Joseph Crespino | |
Birth Date: | January 10, 1972 |
Employer: | Emory University |
Occupation: | Historian |
Spouse: | Caroline Herring |
Parents: | Bobby Crespino (father) |
Joseph Crespino (born January 10, 1972) is a political historian of the 20th-century United States, specializing in the history of the American South and of modern conservatism. He is the author of two books and an edited collection.
Crespino was raised in Macon, Mississippi. His father, Bobby Crespino, played football at the University of Mississippi and then later in the NFL. Crespino attended Central Academy in Macon from 1977 to 1985, The McCallie School in Chattanooga, Tennessee, from 1986 to 1990, and Northwestern University (1990–1994), where he earned a bachelor of arts degree.[1] He earned an MEd from the University of Mississippi in 1996, and a PhD from Stanford University in 2002.[1]
From 1994 to 1996, Crespino was a member of the Mississippi Teacher Corps, where he taught 11th-grade American history at Gentry High School in Indianola, Mississippi.
Crespino is a professor of history at Emory University in Atlanta, where he holds the Jimmy Carter Chair in American History.[1] He received the Undergraduate Teaching Award from the Emory Center for Teaching and Curricular Excellence in 2009.
He has been named a Top Young Historian by the History News Network at George Mason University.
His wife is Mississippi-born singer-songwriter Caroline Herring.
Crespino is the author of Strom Thurmond’s America (Hill and Wang, 2012), a political biography of the longtime U.S. Senator from South Carolina.[2] [3] The book received positive reviews from Doris Kearns Goodwin and Publishers Weekly.

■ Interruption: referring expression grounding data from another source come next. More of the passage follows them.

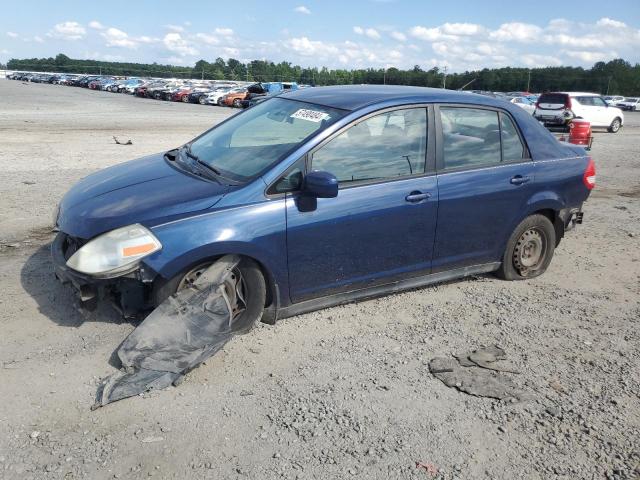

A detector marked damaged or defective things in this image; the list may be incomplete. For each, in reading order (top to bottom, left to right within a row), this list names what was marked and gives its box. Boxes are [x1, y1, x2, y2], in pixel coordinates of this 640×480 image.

damaged front bumper [50, 232, 158, 316]
detached bumper piece [93, 255, 252, 408]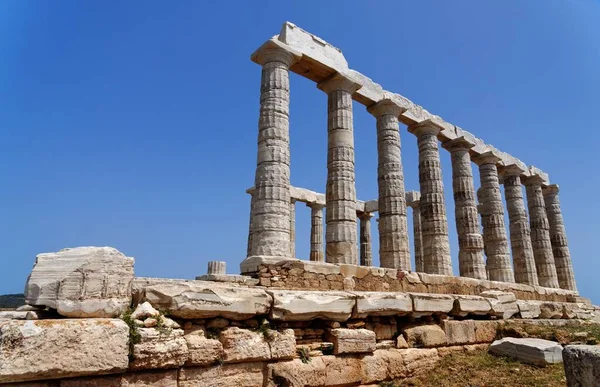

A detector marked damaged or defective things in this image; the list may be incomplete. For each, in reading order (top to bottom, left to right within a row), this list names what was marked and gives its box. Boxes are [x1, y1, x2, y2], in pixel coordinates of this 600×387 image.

broken marble block [24, 249, 134, 318]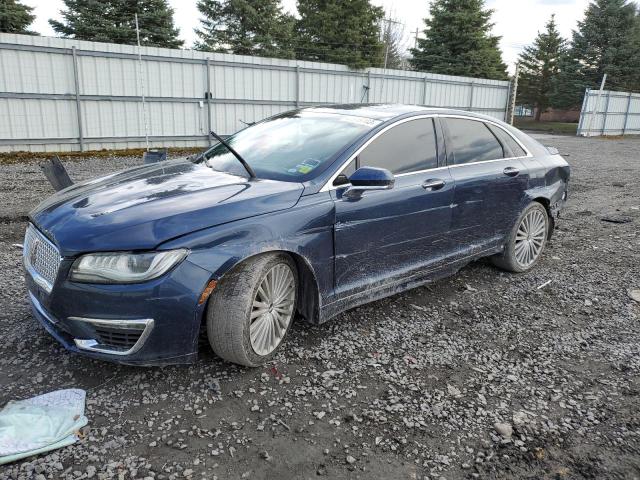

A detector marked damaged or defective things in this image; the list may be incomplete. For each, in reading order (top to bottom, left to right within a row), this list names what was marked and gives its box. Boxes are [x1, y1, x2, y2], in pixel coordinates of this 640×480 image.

damaged car [22, 105, 568, 366]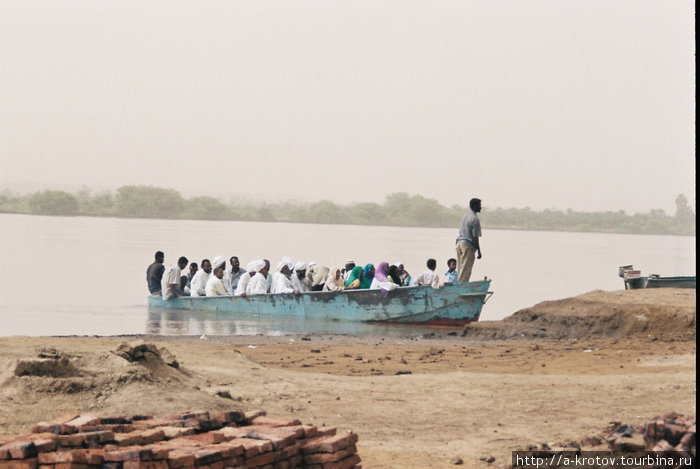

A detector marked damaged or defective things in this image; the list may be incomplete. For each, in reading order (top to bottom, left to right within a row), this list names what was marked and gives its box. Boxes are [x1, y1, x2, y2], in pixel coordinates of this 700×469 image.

peeling paint on hull [149, 280, 492, 324]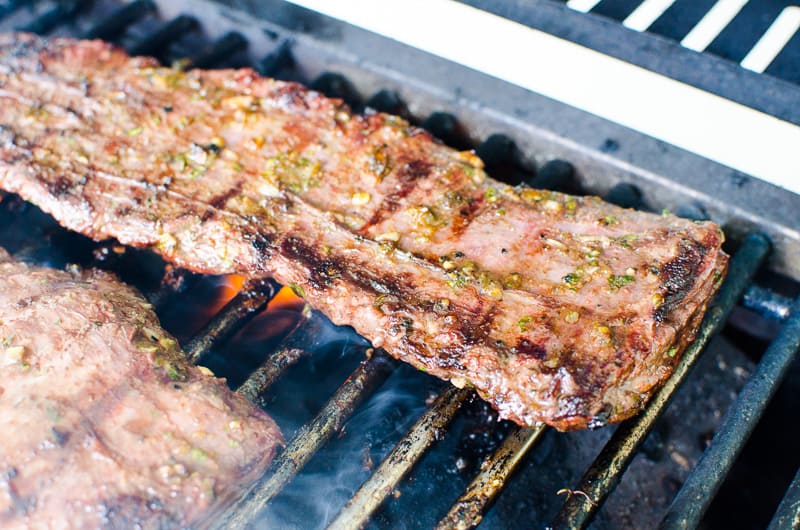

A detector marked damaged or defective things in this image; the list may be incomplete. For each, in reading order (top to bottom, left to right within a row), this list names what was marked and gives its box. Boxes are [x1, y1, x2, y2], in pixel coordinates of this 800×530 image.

rusty grate bar [186, 278, 276, 360]
rusty grate bar [236, 314, 324, 400]
rusty grate bar [222, 348, 396, 524]
rusty grate bar [326, 384, 472, 528]
rusty grate bar [434, 420, 548, 528]
rusty grate bar [552, 234, 768, 528]
rusty grate bar [664, 294, 800, 524]
rusty grate bar [764, 464, 800, 524]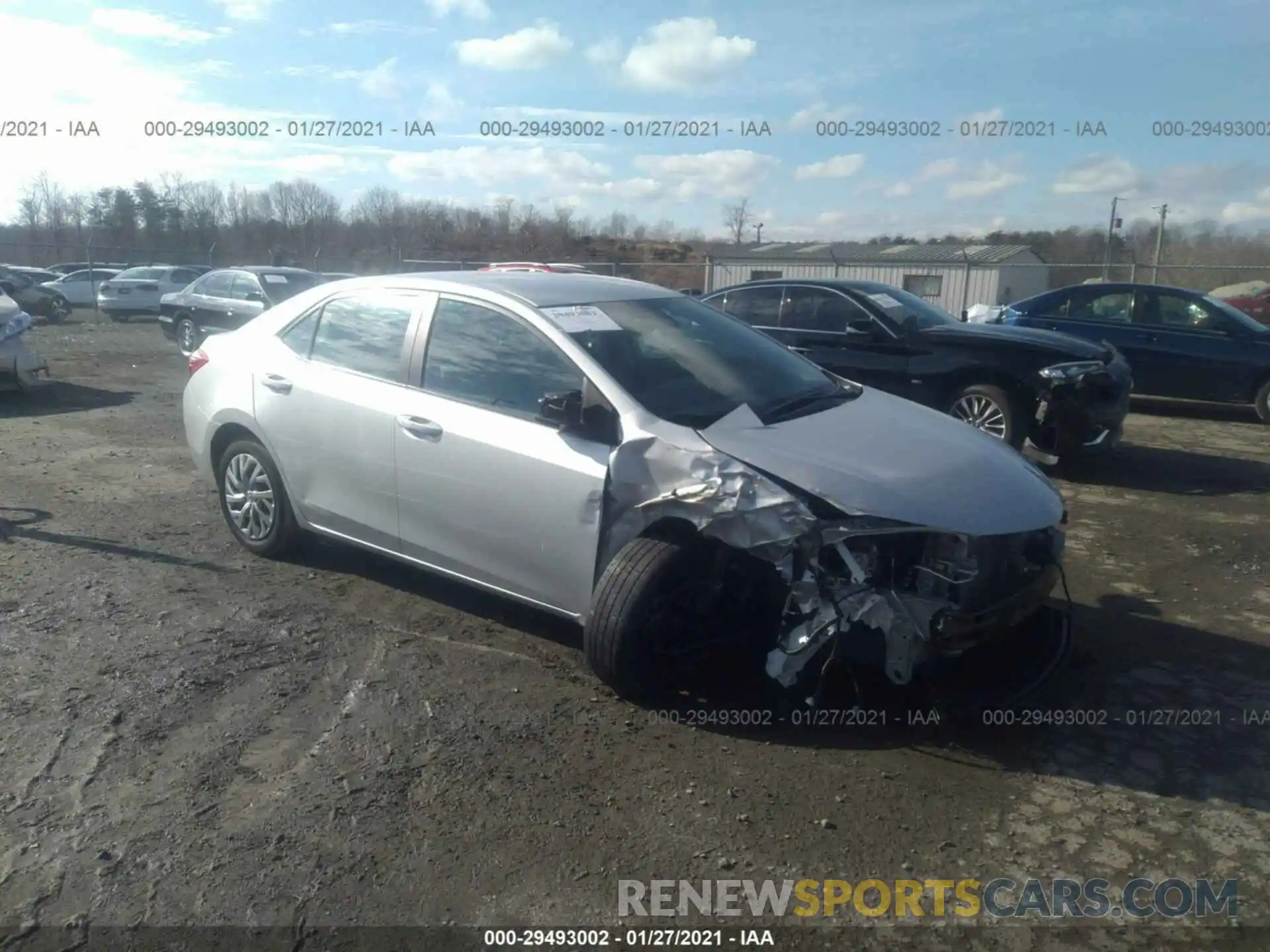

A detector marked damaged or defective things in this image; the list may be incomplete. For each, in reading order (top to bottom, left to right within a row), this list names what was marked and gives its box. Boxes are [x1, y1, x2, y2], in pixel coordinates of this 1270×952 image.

silver damaged sedan [181, 274, 1072, 700]
crumpled front end [597, 403, 1072, 700]
crushed hood [700, 385, 1066, 538]
damaged front bumper [1031, 350, 1132, 461]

His other book, In Search of Another Country: Mississippi and the Conservative Counterrevolution (Princeton, 2007),[4] [5] won the 2008 Lillian Smith Book Award by the Southern Regional Council, the McLemore Prize for the Best Mississippi History Book, and the nonfiction prize given by the Mississippi Institute of Arts and Letters. He also co-edited with Matthew Lassiter a book of essays titled The Myth of Southern Exceptionalism (Oxford, 2010).
In 2018 he published a book on Atticus Finch, a main character in the Pulitzer Prize-winning novel To Kill a Mockingbird by Harper Lee.[6]